# HP Deskjet 940c druckt nicht (3 LEDs blinken wild)



## GRSnordicViking (28. Mai 2018)

Hallo zusammen,

Jahrelange leistet uns nun schon der
HP Deskjet 940c treue Dienste.

Heute streikt er jedoch.
Wenn er an ist, (ohne Verbindung zum PC) leuchtet von 3 Leuchten die rechte (Power) Leuchte durchgehend grün. die beiden daneben sind aus.
So soll es auch sein.

FEHLER: Sobald man den Drucker über USB mit meinem Windows10 PC verbindet blinken alle 3 Leuchten wild durcheinander und er rührt sich nicht mehr.
Das ist neu, vorher ging alles problemlos...
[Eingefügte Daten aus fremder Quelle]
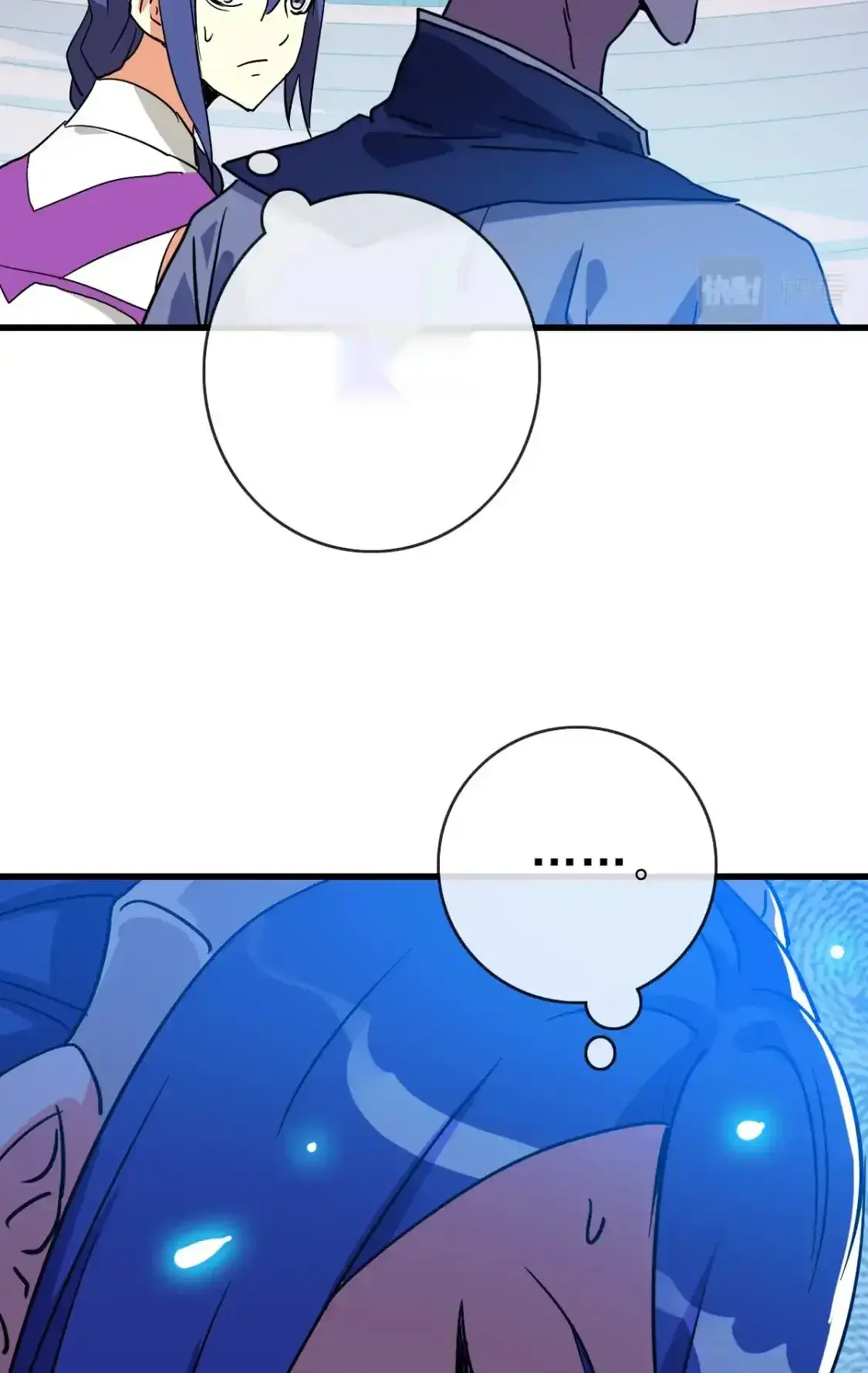 Read Crazy Leveling System fr Manga Online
Wer hat einen Tipp für Nomaluser wie mich?

Vielen dank.


----------



## GRSnordicViking (28. Mai 2018)

An meinem Win10 Laptop funktioniert drucken normal, nicht jedoch an meinem PC.
Muss also irgend ein Treiberproblem an meinem PC sein.


----------



## Talhuber (28. Mai 2018)

Hi, ich würde den Drucker im Geräte-Manager komplett deinstallieren, sobald Du den Drucker wieder angeschalten hast, sollte Win10 den neuen Treiber automatisch installieren...


----------